The series certainly struggles to answer this question at first; Loki doesn’t seem out of place in his own show. When the show allows him to be less of a reactionary character – he gets his own sheets in the form of his many variations – he finally feels at the center of the narrative. It evolves, proving that Loki can win and be honest and loving and compassionate. And just as “Loki” challenges the definition of his main character, the series takes him out of the only position he’s held in the MCU so far.
As a loyal TVA agent, Mobius, as he tells Loki, believes his job is to maintain an ultimate sense of order – even if that order seems to rob the universe of free will. What happens when the timeline is fully sorted, with no branches? “Just order and we will find each other in peace at the end of time,” says Mobius.
“Only the order? No chaos? Loki answers. “It sounds boring.”
Marvel risks undermining itself with “Loki” and with every bit of narrative chaos introduced by its latest shows. How can something have emotional stakes when there is always a loophole or a deus ex machina around the corner? (Indeed, “Loki” takes place in a closed loop, which at the end of the series has reset itself.) And at what point does the narrative coherence crumble and give us an indecipherable jumble of conflicting events ?

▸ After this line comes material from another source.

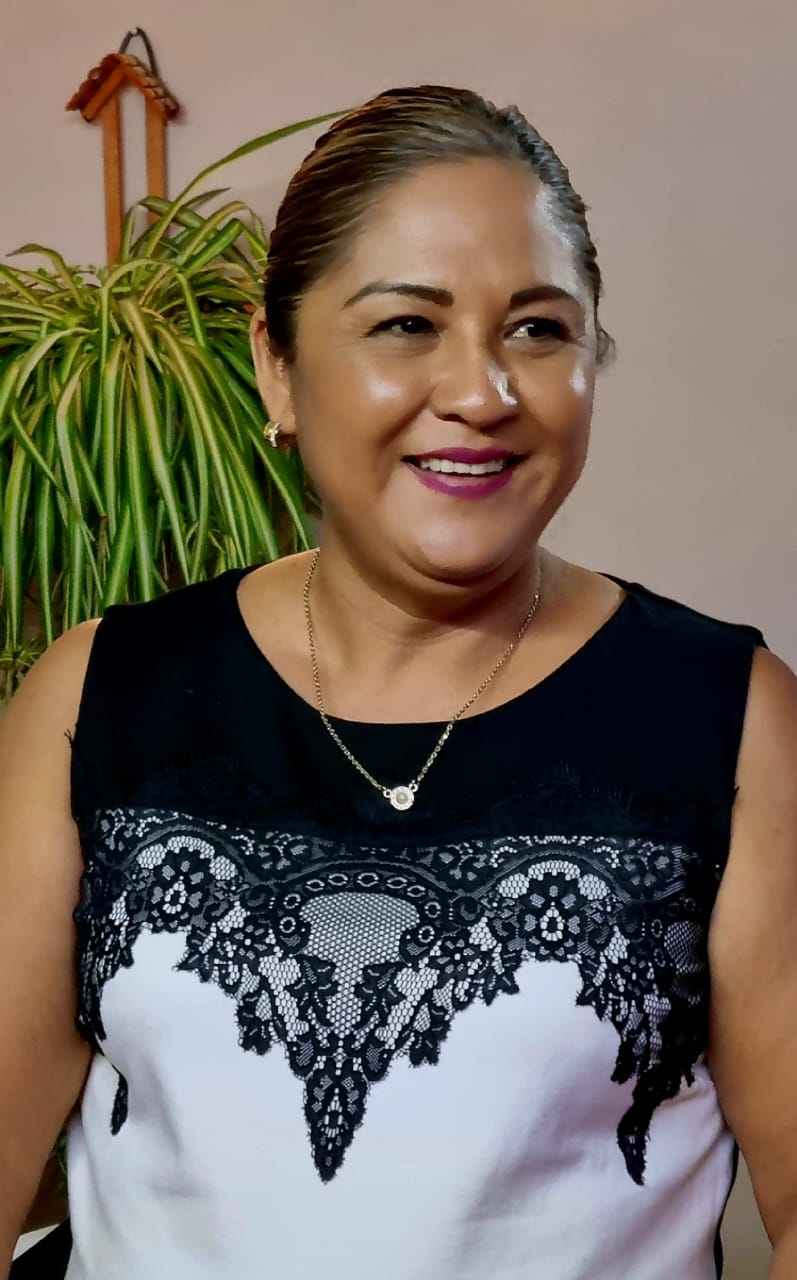 Gabriela Cortes Bárcenas.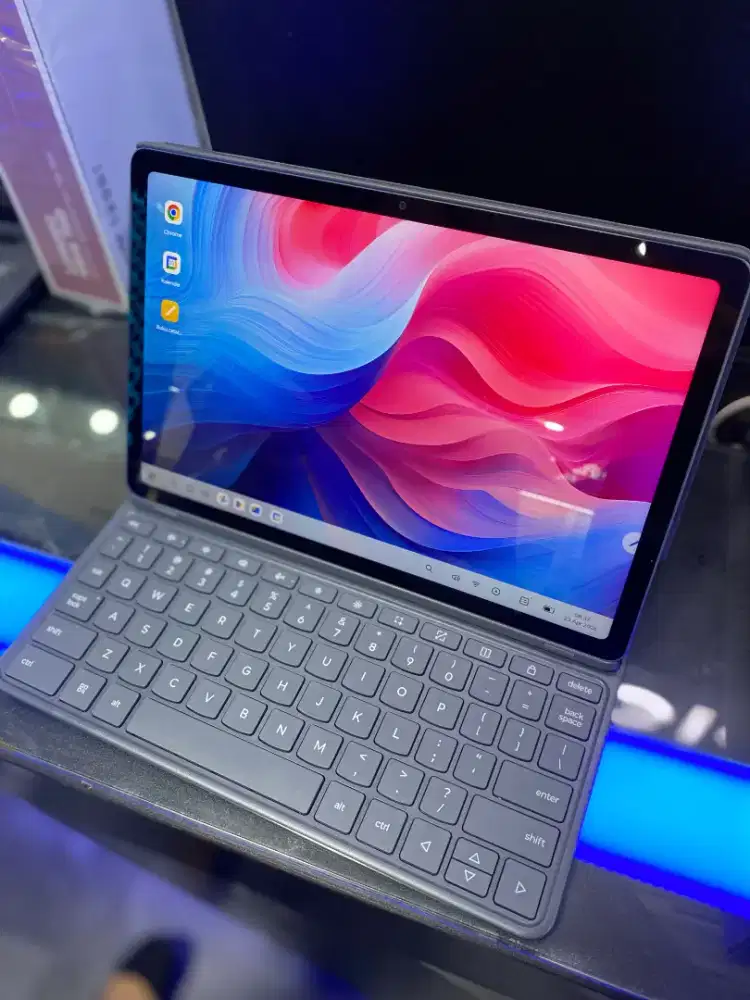 LENOVO IDEA TAB 11.0 8GB 128GB MEDIATEK DIMENSITY 6300+PEN+KEYBOARD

The franchise wants to embrace both a traditional way of storytelling and a bit of narrative chaos in the form of time travel, multiple universes, and nonlinear shifts in time and space, all of which allow for gaps. compared to the main scenario. But the more varied stories we get, the more unstable and convoluted the whole structure becomes.
“Loki” is a fun touch of mayhem for Loki fans, myself included, but it makes me wonder how long the relative order of the MCU franchise’s central timeline can maintain the recoil, leaps and bounds. inversions, even in their own pockets of time. The vast mega-averse that is Marvel is already home to countless characters and stories, and yet having one that Loki is still alive in is infinitely more fun.
But as conceptually delicious as “Loki” was, to me it just felt like a fun and entertaining experience. What Marvel will do with the results of this experiment is another story. The end of this season’s cliffhanger means that the full measure of the series’ success and impact is yet to come, whether in the second season promised in the finale or in the larger MCU.
Is “Loki” really a variant within the MCU? Will it introduce reverberations in movies and TV shows in the future, or will it essentially be isolated in its own playful thought bubble? If the former, I suspect Marvel won’t be able to maintain the full weight of the main narrative, with all of these branches, forever – that is, unless Marvel fully embraces the chaos and lets go. the MCU will break up into separate multiverse without such a restrictive overall timeline. After all, if the god of evil has taught us anything, it’s that a little chaos can go a long way.